From the numbers we were looking at the other day, it'd be easy to say Dozier does the same thing. As I look at it more now, their numbers are both a bit more to the extremes (Arcia especially), but not really bizarre or anything. Parker, where'd you get the .510 for Arcia when ahead?

Splits via BRef, MLB:
Ahead - .297/.463/.494 (.957)
Behind - .202/.210.294 (.504)

Dozier:
Ahead - .312/.460/.618 (1.078)
Behind - .183/.197/.254 (.451)

Arcia:
Ahead - .365/.492/.719 (1.210)
Behind - .143/.149/.171 (.320)


Wow, those are amazing splits and it underscores one of the big faults to the Twins hitting philosophy. For the most part, Twins hitters seem to guess very rarely. I'd like to seem them guess a lot more. Way too often our hitters seem to try to cover the whole plate or look to slap the ball oppo, even before they get 2 strikes. I really hope the coaching staff is looking at this and will develop a cheat sheet for each opposing pitcher regarding what they like to do on 0-0, 0-1, 1-0, and 1-1 counts. If our hitters can do a better job of guessing on these early counts hopefully they'll either hit balls harder earlier in the count, effectively increasing their OPS earlier in the count (by taking the same approach as if it was 2-0 or 3-1). And if it helps them get in hitters count, then all the better.
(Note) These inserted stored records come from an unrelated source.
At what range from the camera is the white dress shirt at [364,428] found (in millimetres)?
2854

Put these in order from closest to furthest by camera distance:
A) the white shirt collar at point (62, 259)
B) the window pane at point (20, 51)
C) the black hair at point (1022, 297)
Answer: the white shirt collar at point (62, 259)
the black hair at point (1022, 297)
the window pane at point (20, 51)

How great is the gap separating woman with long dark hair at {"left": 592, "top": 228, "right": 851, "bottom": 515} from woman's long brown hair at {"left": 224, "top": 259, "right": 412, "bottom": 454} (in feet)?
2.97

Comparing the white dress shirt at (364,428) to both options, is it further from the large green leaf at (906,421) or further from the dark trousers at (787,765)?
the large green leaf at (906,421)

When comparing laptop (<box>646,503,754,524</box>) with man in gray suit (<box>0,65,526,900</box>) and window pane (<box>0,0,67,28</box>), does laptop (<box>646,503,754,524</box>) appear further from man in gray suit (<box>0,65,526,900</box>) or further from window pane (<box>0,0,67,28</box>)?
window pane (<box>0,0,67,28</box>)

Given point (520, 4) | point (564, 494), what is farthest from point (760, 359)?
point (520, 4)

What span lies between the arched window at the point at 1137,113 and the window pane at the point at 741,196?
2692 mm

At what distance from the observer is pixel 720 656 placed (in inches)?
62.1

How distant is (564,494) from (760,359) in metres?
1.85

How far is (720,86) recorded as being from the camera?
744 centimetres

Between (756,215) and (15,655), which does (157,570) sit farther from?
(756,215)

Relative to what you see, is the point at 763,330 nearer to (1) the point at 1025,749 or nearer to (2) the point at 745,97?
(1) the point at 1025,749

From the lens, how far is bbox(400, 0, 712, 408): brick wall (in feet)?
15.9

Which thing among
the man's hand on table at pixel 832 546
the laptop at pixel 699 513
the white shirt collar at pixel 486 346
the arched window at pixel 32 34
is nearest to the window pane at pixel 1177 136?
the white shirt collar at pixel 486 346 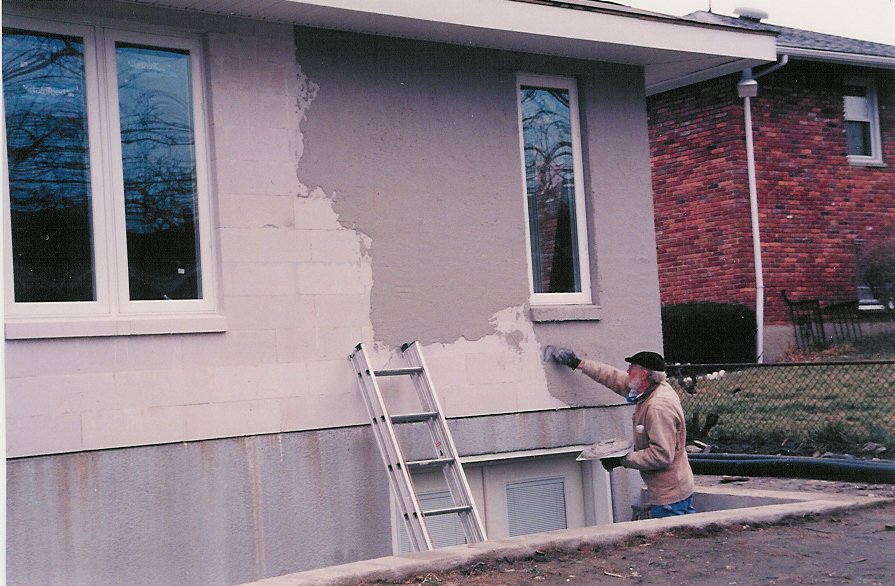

There's no excuse for swinging at pitches outside the zone with less than two strikes. It would be really interesting to see a comparison of Twins hitters O-swing% versus other teams in the league with less than 2 strikes. Maybe somebody with more time and expertise with the data could look into that. And it would be interesting to compare the difference in ISO between AAA/AA and the majors for Twins players versus players from other teams. It seems like our guys have a much harder time getting SLG to transfer from the minors to the majors. If our coaching staff can't address this (if we truly are below average in this regard), it makes all our projections about future prospect stardom a mute point.

These are the metrics we should use to grade our manager and hitting coaches.

Edited by alskntwnsfn, 15 January 2014 - 01:52 PM.